LB: Hah! I have not done any Wild Kelly videos lately, even though the public cry for them is huge! I’m sure they would have cheered Kelly up a bit, but it never really crossed my mind. I’ve actually acquired a GoPro camera recently so a Wild Kelly feature film could be on the books in the near future.
CK: In May you ran the 5,000m in 13:33.20, this time is within 20 seconds of Jeff Scheibler’s Canadian record from 1998 and closer yet to the 13:15 and 13:20 Commonwealth Games standards. You must have mixed feelings about the result now.
LB: Yes I was quite pleased with the time. The goal going into the race was to run somewhere in the 13:30’s, with the thought in the back of my head that if I had great run I could sneak under Athletics Canada carding standard (13:34.78).
After the Canadian Cross Country Championships in November we thought that I may have an outside chance of making the Commonwealth team, but that was before they released the standards. However, once the standards came out (13:15 and 13:20), the thoughts changed. In my personal opinion I think the standards for the middle distance (800m-5000m) we’re quite ridiculous. It’s unfortunate that this team wasn’t seen more as a development team as it would have benefited a great many young athletes.
My immediate goals are to finish this track season healthy with just a few races remaining. After the 5,000m at nationals, I look to finish up with a few quick 1500m races at NTL meets and maybe an 800m appearance at our Provincial Championship to finish off the track season.
CK: Would you suggest that the Commonwealth Games should be considered more of a development meet than true international championships?
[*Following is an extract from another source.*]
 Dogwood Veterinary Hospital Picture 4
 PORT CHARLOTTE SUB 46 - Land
Is this event where rising stars should gain international competition?
LB: You cannot compare the Commonwealth Games to the other ‘big championship meets’ (Worlds & Olympics). In terms of participation, there are a significantly less number of countries participating. I think the Commonwealth Games would be a great opportunity for our country’s developing stars to gain valuable experience. Experience like that is only going to help once you get to the top level.
CK: Which you proved in cross country. Generally speaking, how do you feel about the standards being as fast as they are for the Commonwealth Games?
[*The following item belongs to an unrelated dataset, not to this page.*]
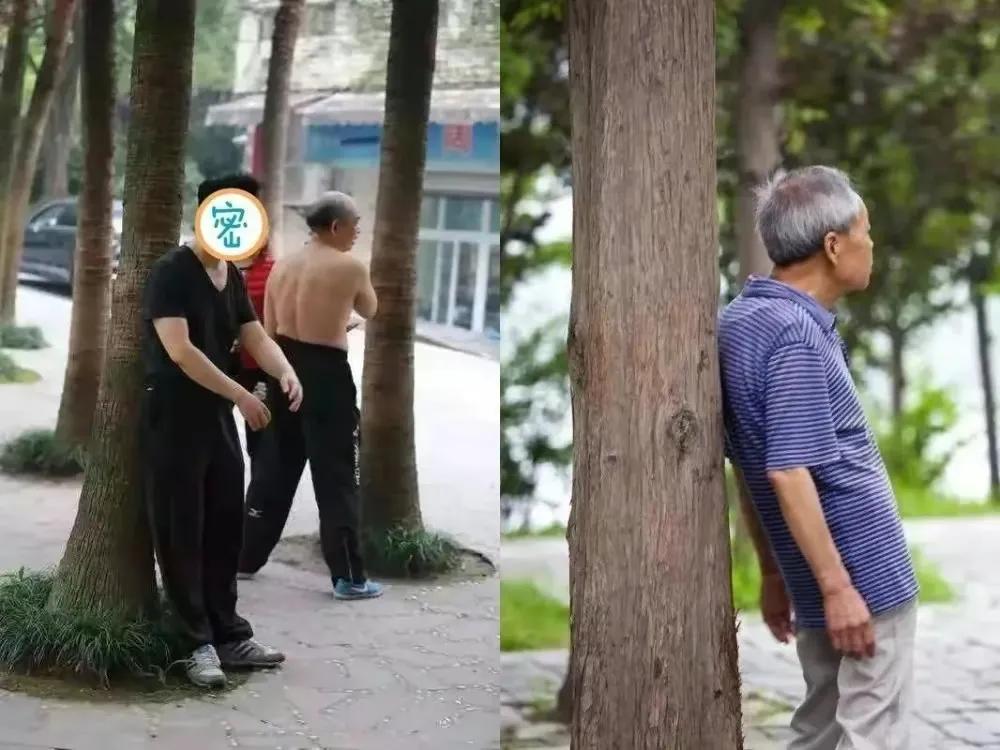 “撞树”可以健身吗？刘奶奶撞树撞断了胸椎，老人的锻炼要注意啊

我是健康管理师芝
LB: Anytime the standards are the World Champ/Olympic level it makes it very hard for developing athletes like myself to make the team. In Canada once an athlete finishes there junior career there are not many opportunities to make teams as an early senior. Obviously certain athletes are able to make the jump, but for most this is a hard transition. Having the chance to make team like this would only provide a much needed experience for future championship events.
CK: Given that the 5,000m standards are so high; will you continue to pursue the event?
LB: I’m not planning on switching events any time soon. I think I’m still somewhat in the process of accepting that I am a 5,000m runner rather than a 1500m guy. And I think as long as I stay healthy I can continue to take the steps that would get me to the elite international level. I’m lucky I have such a great coach and great group of athletes to work with. They keep pushing me to new levels.